Without including any picture, return the complete set of records exactly.
============================================================
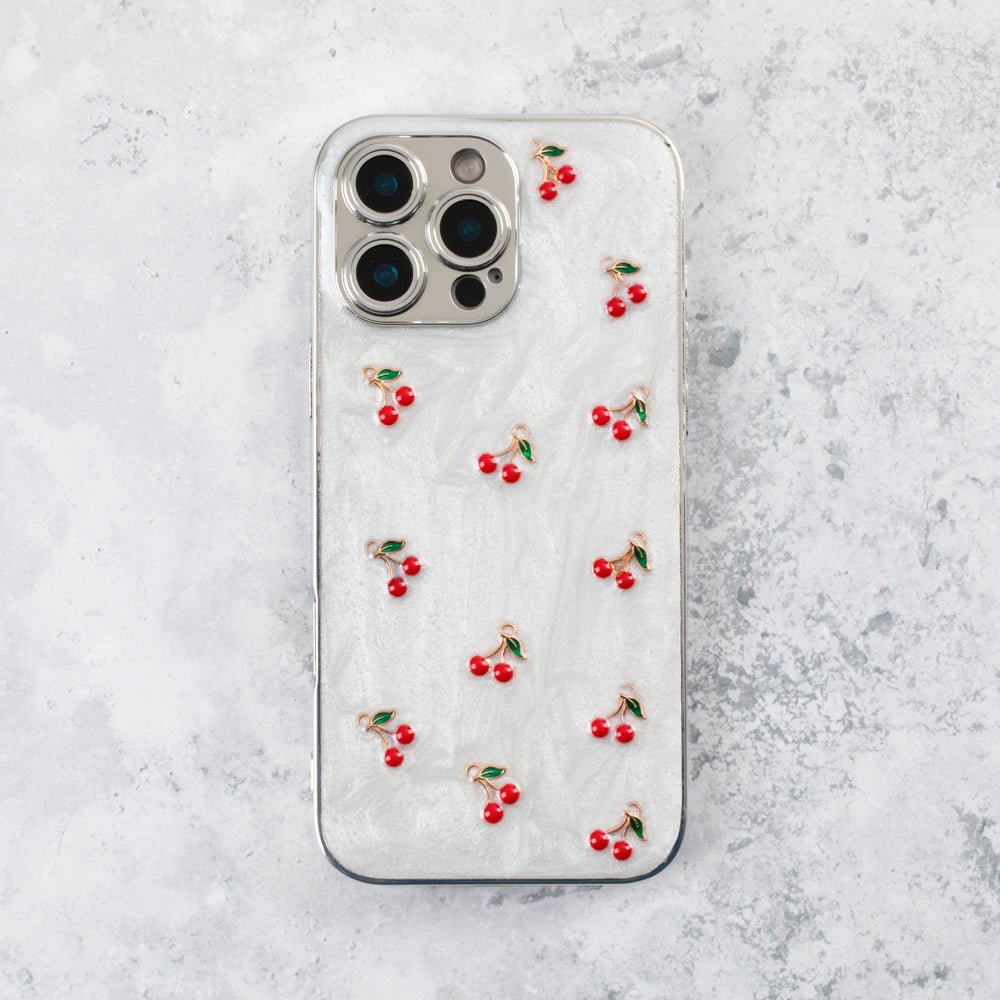 Cherry Luxe Pearl iPhone 17 Pro Case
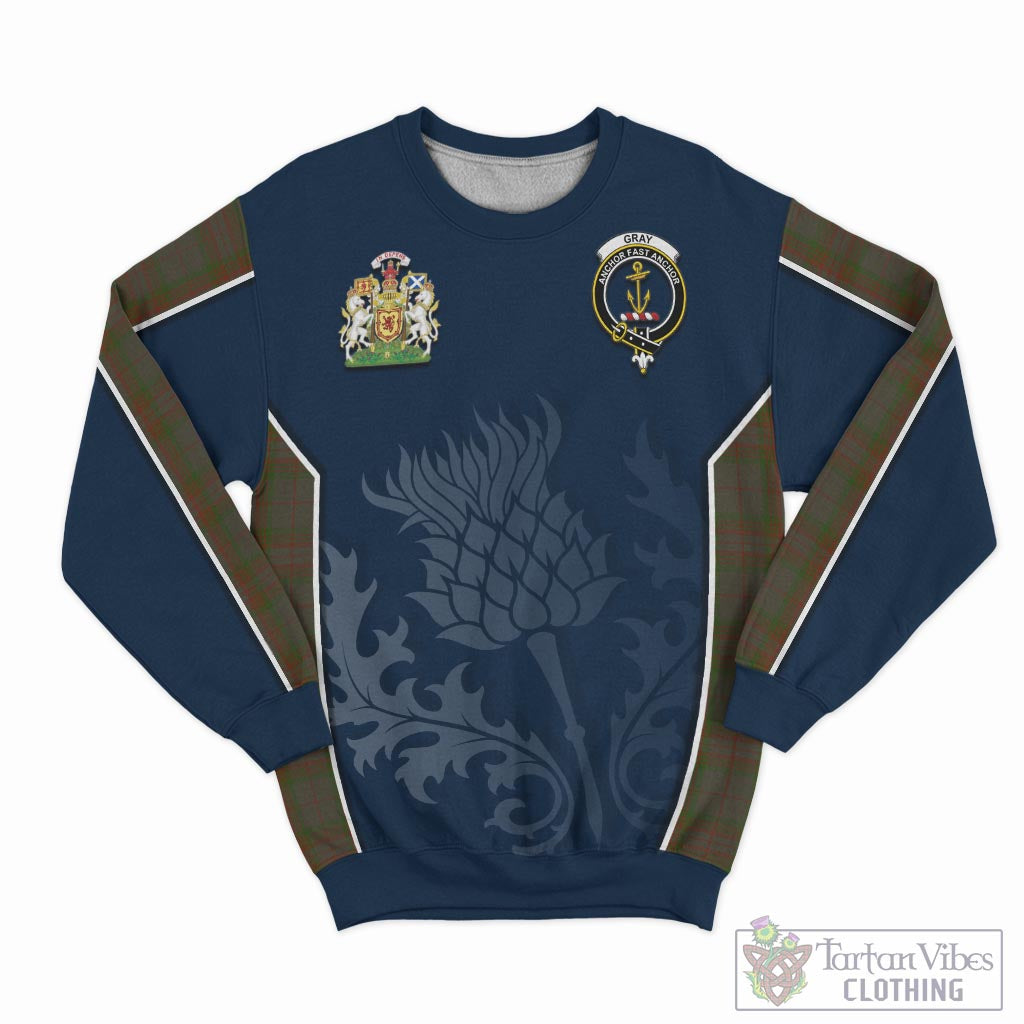 Gray Tartan Sweatshirt with Family Crest and Scottish Thistle Vibes Sport Style - Tartan Vibes Clothing
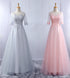Lovely Tulle Round Neckline A-line Party Dress with Lace Applique, Short Sleeves Long Bridesmaid Dress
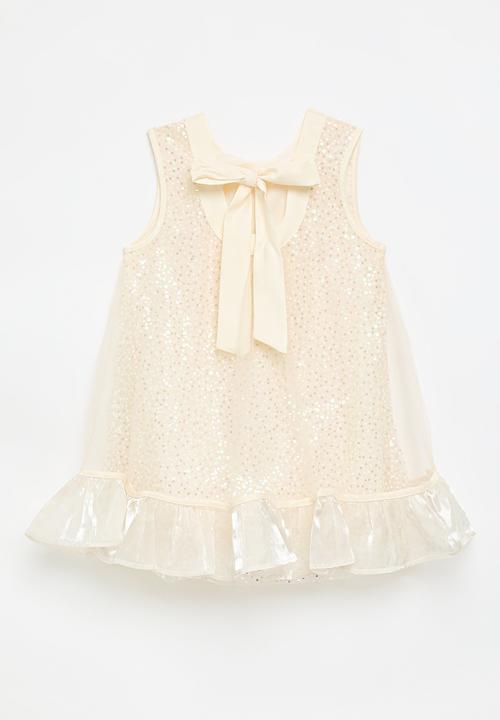 Pop Candy - Sequin a-line dress with silk organza hem overlay - seashell white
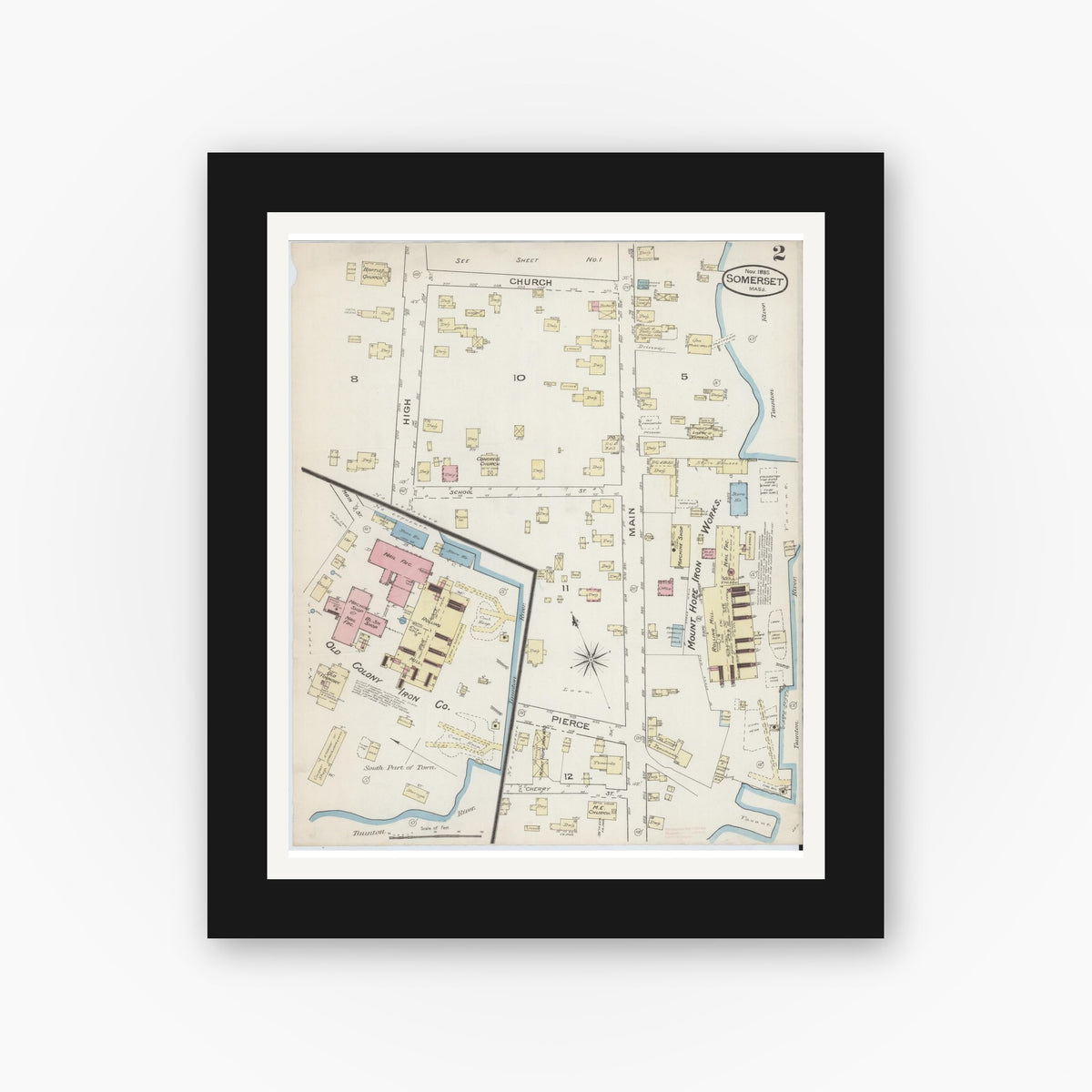 Old map wall art mockup — black gallery frame with white mat — Sanborn Fire Insurance Map from Somerset, Bristol County, Massachusetts (1885), Sheet #0002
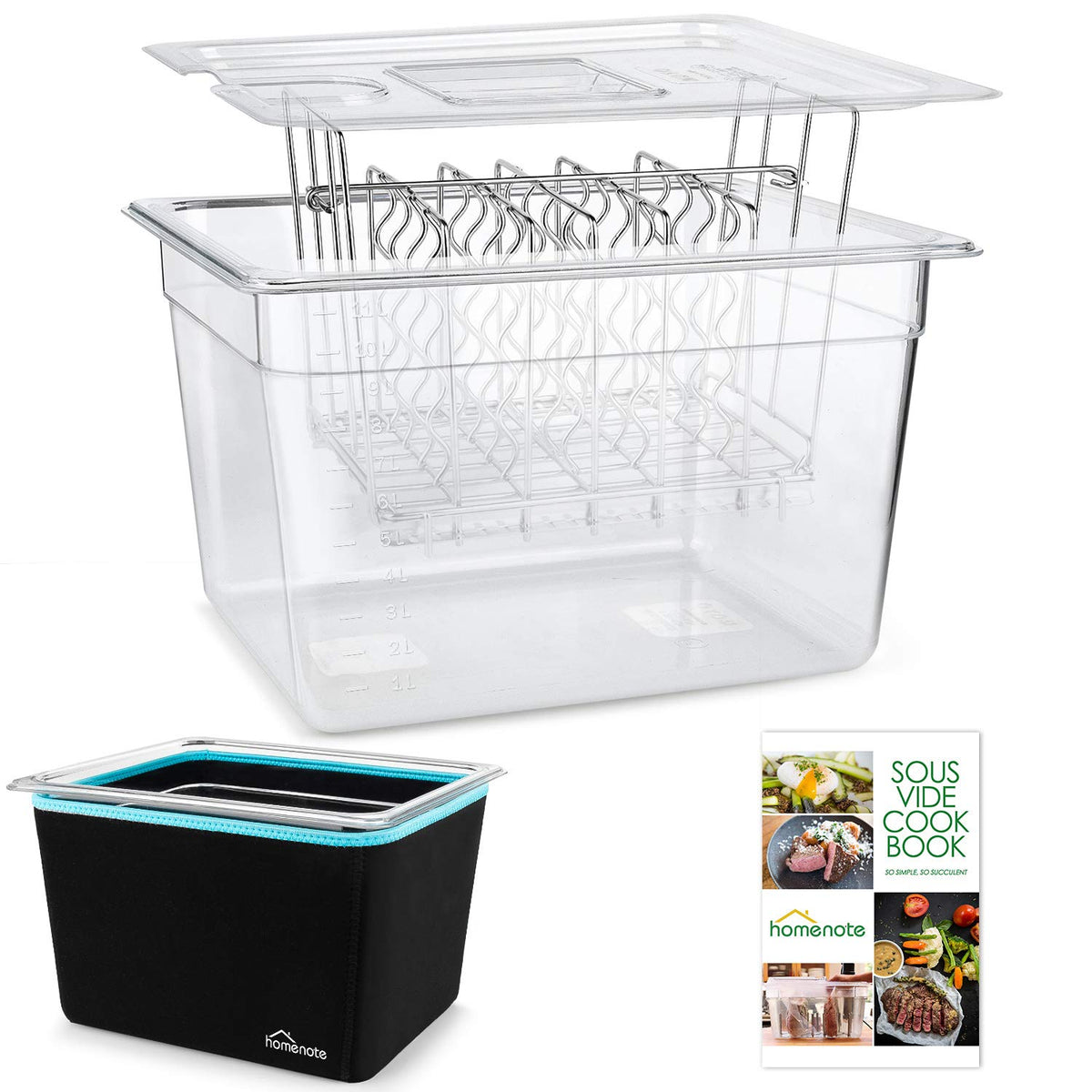 HOMENOTE 12-quart container with lid shown for precise cooking and visibility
============================================================
» **Answer for the task**:
 Cherry Luxe Pearl iPhone 17 Pro Case
 Gray Tartan Sweatshirt with Family Crest and Scottish Thistle Vibes Sport Style - Tartan Vibes Clothing
Lovely Tulle Round Neckline A-line Party Dress with Lace Applique, Short Sleeves Long Bridesmaid Dress
 Pop Candy - Sequin a-line dress with silk organza hem overlay - seashell white
 Old map wall art mockup — black gallery frame with white mat — Sanborn Fire Insurance Map from Somerset, Bristol County, Massachusetts (1885), Sheet #0002
 HOMENOTE 12-quart container with lid shown for precise cooking and visibility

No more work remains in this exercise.